Dataset excerpts:
--- START ---

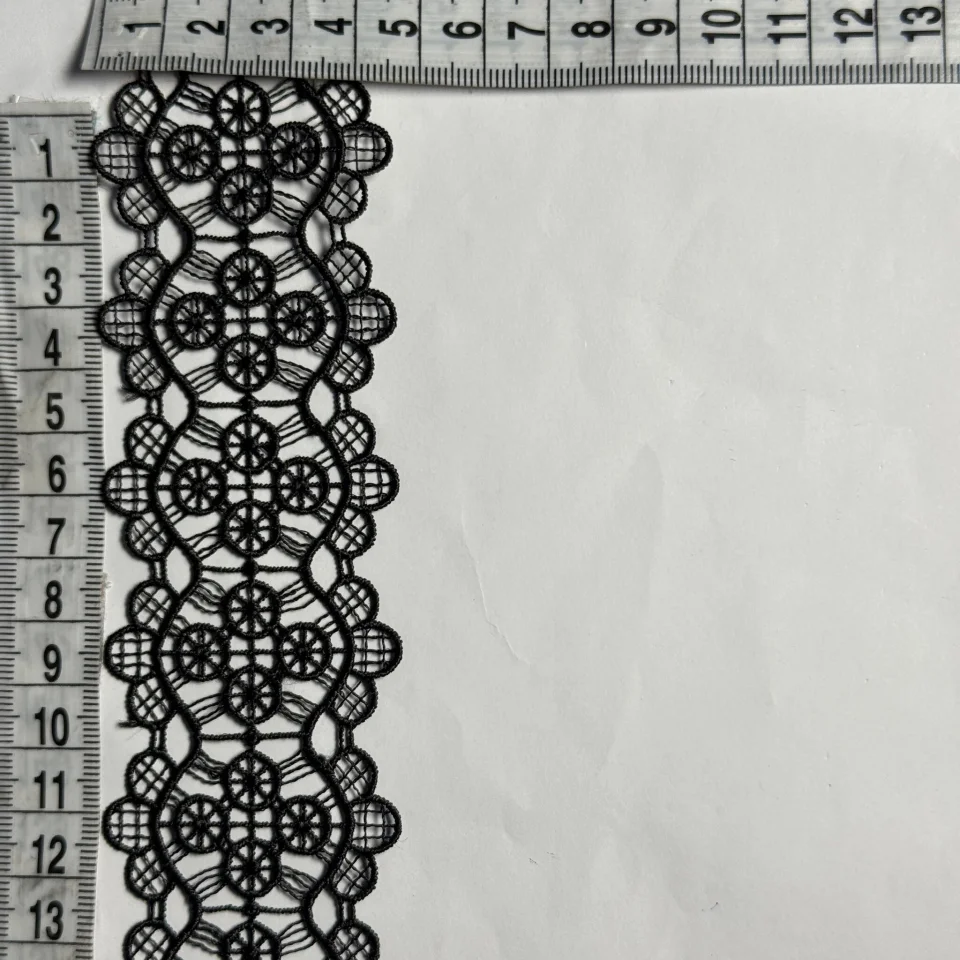 Кружево полиэстер ВВ104586 5 см.(30 ярдов/27.3 м.), чёрный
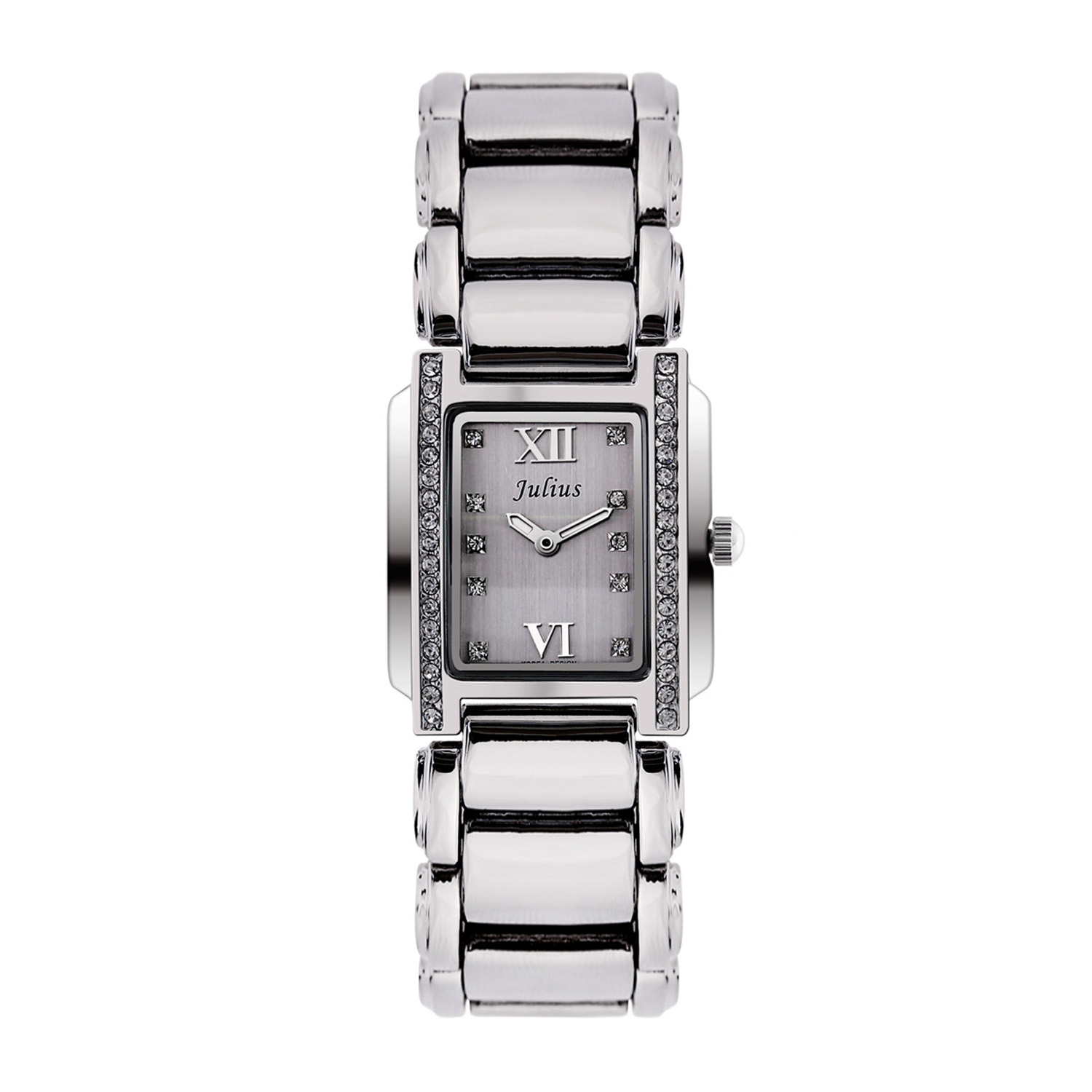 นาฬิกา Julius JA-812 A สายสแตนเลส สีเงิน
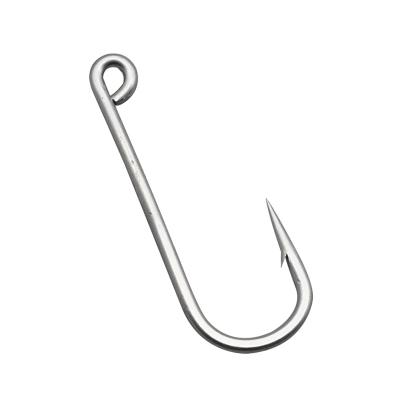 China Custom Circle Eye Carbon Steel Barbed Hooks Carbon Steel Barbed Hooks For Ocean Sea Saltwater Fishing for sale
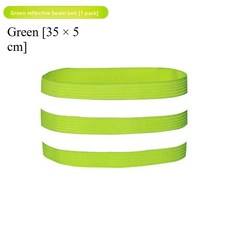 LED 러닝 조끼 USB 충전식 반사 빛나는 스트랩 높은 가시성 야간 라이딩 의류 탄성 밴드, 1)A, 1개
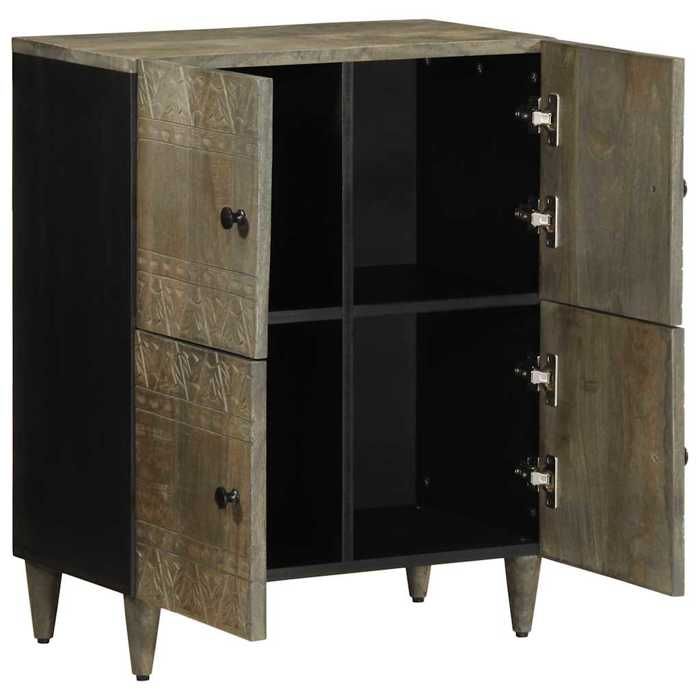 VidaXL Buffet 60x33x75 cm Bois massif de manguier, armoire de rangement, meuble de rangement de cuisine, armoire de 4017818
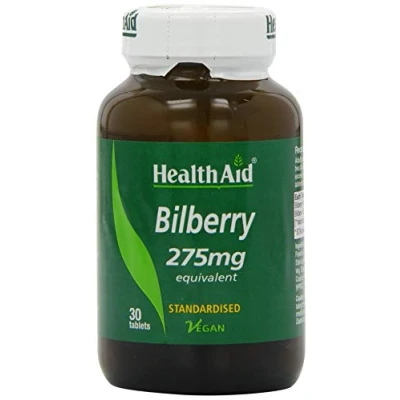 Image of HealthAid Bilberry 30 Tablets
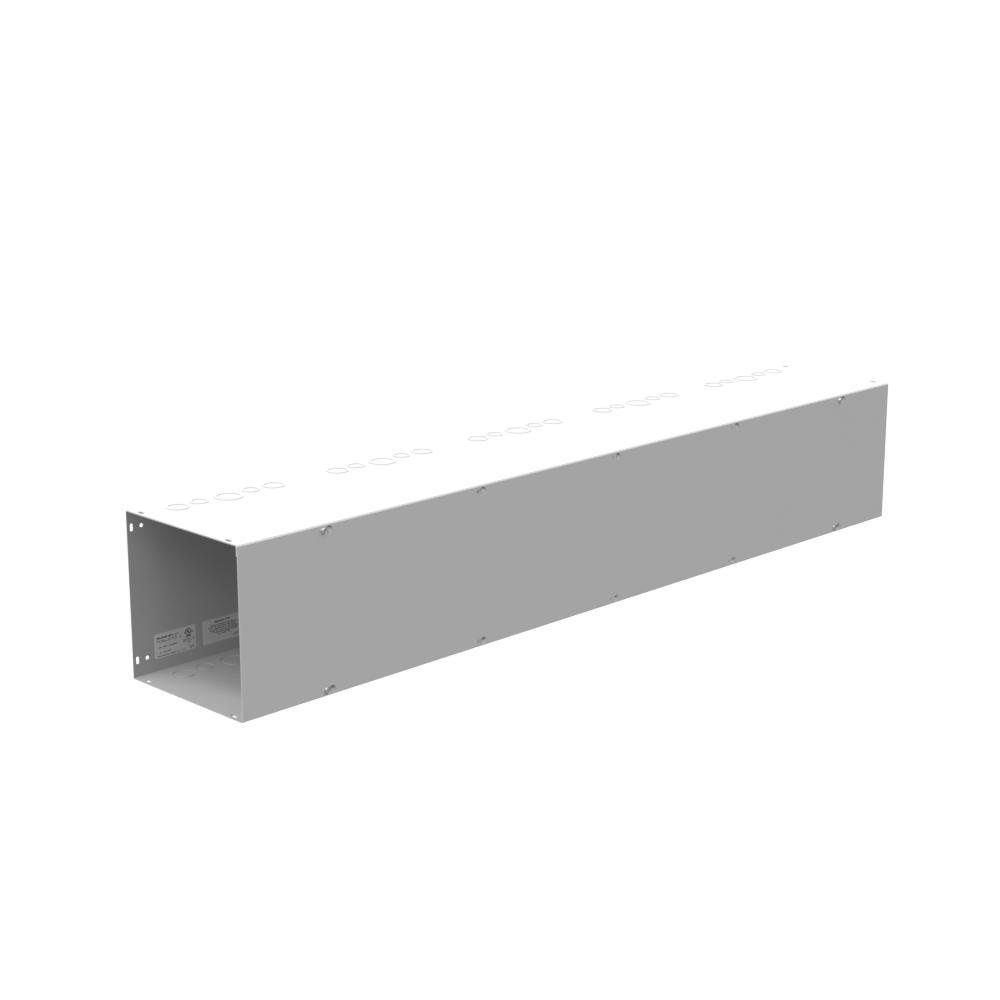 Picture of 101072-GSC1 - 10x72x10 Screw Cover Wireway Type 1 UL Listed Steel Knockouts ANSI 61 Gray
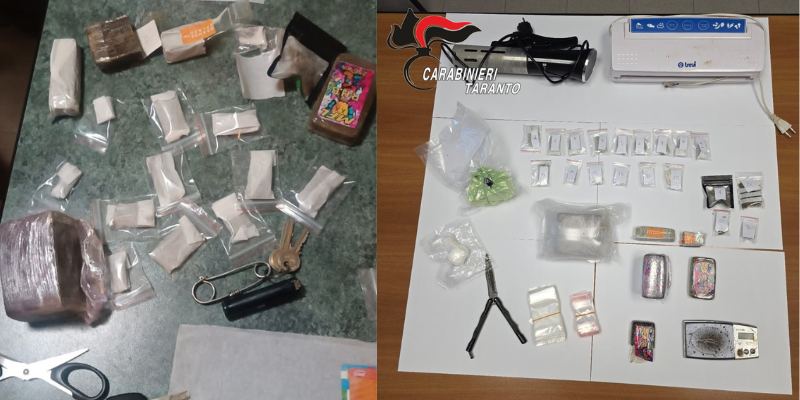 Droga in cantina: arrestato 36enne a Massafra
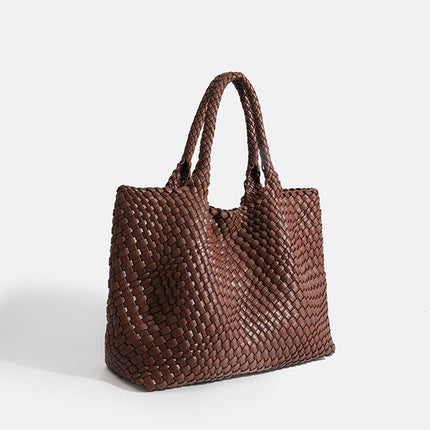 Ondine | Textured Tote Bag – Large Woven Carryall Style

--- END ---

● TASK ITEM:
Nothing in the records should be changed in the copy, but the pictures must be left out.

● ANSWER BOX:
 Кружево полиэстер ВВ104586 5 см.(30 ярдов/27.3 м.), чёрный
 นาฬิกา Julius JA-812 A สายสแตนเลส สีเงิน
 China Custom Circle Eye Carbon Steel Barbed Hooks Carbon Steel Barbed Hooks For Ocean Sea Saltwater Fishing for sale
 LED 러닝 조끼 USB 충전식 반사 빛나는 스트랩 높은 가시성 야간 라이딩 의류 탄성 밴드, 1)A, 1개
 VidaXL Buffet 60x33x75 cm Bois massif de manguier, armoire de rangement, meuble de rangement de cuisine, armoire de 4017818
 Image of HealthAid Bilberry 30 Tablets
 Picture of 101072-GSC1 - 10x72x10 Screw Cover Wireway Type 1 UL Listed Steel Knockouts ANSI 61 Gray
 Droga in cantina: arrestato 36enne a Massafra
 Ondine | Textured Tote Bag – Large Woven Carryall Style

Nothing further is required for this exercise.